Are you ready for maximum energy savings? Several programs and standards will give you a target to aim for.
If your renovation is going to be a complete gut rehab—stripping all the building envelope walls down to the studs—you can aim for certification through a new-home program like ENERGY STAR. To qualify, your home must be inspected, tested, and confirmed through energy modeling to meet rigorous criteria for reduced energy use.
Find out if there’s a green building program in your area that sets standards for home remodeling. Examples of such programs include GreenPoint Rated in California, Minnesota GreenStar, and EarthCraft House in the southeastern United States. Such program guidelines usually call for testing and inspecting the home before and after the work and documenting the improvements made.

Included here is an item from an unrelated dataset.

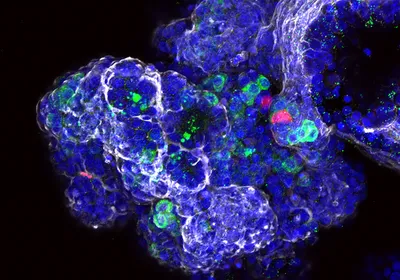 Image of human fetal pancreatic organoids stained in various colors. Nuclei are stained in blue, acinar cells in green, ductal cells in white, and endocrine cells in red.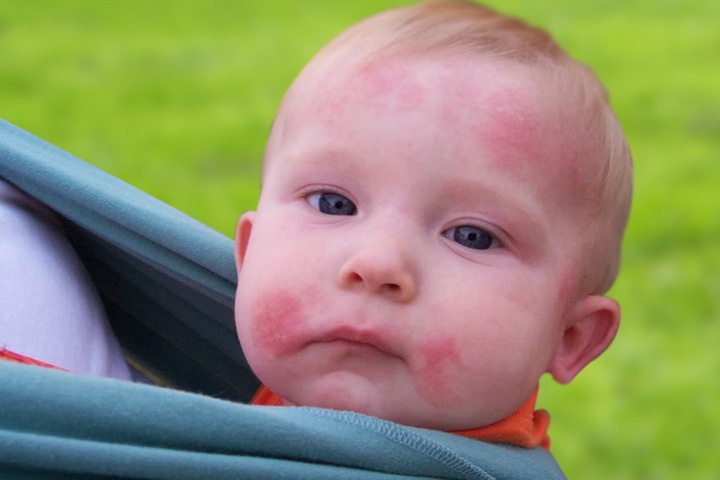 babies with ringworm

These programs can help you qualify for rebates and tax incentives that can put thousands of dollars back in your pocket.
If you want to seriously reduce your energy use, consider a deep energy retrofit, which targets reducing energy use by 50-90%. This is accomplished primarily by beefing up the building envelope: sealing air leaks, adding wall and roof insulation, and installing high-performance windows. These measures greatly reduce summer heat gain and winter heat loss, so your heating and cooling equipment needn’t work as hard to keep your house comfortable. The “1000 Home Challenge,” an initiative of Affordable Comfort, Inc. (ACI), aims to support deep energy reductions in 1,000 homes around the country; their web site provides information and support for the process.
Want to go even farther? Consider shooting for net zero energy (NZE) or zero peak levels of energy performance. A net zero home produces as much energy on-site as it uses over the course of a year. Although in theory this could be achieved by an energy hog of a home with lots of PV, it’s generally best to make the home as efficient as possible before installing PV, as previously explained. A zero peak home is designed to draw no electricity from the power grid during peak hours. This lowers the utility company’s need for expensive fuel sources and power plants to meet peak demand.
Finally, Passive House—a standard developed in Germany and now gaining popularity in the United States—emphasizes improving the building envelope more rigorously than any other standard. Many homes built or remodeled to the Passive House standard can be kept warm in winter with only a small heater; the insulation, air sealing, and ventilation are so effective that body heat and household activities (such as cooking and showering) provide most of the heat. However, this is a challenging standard to meet in new construction, and even more challenging in a remodel.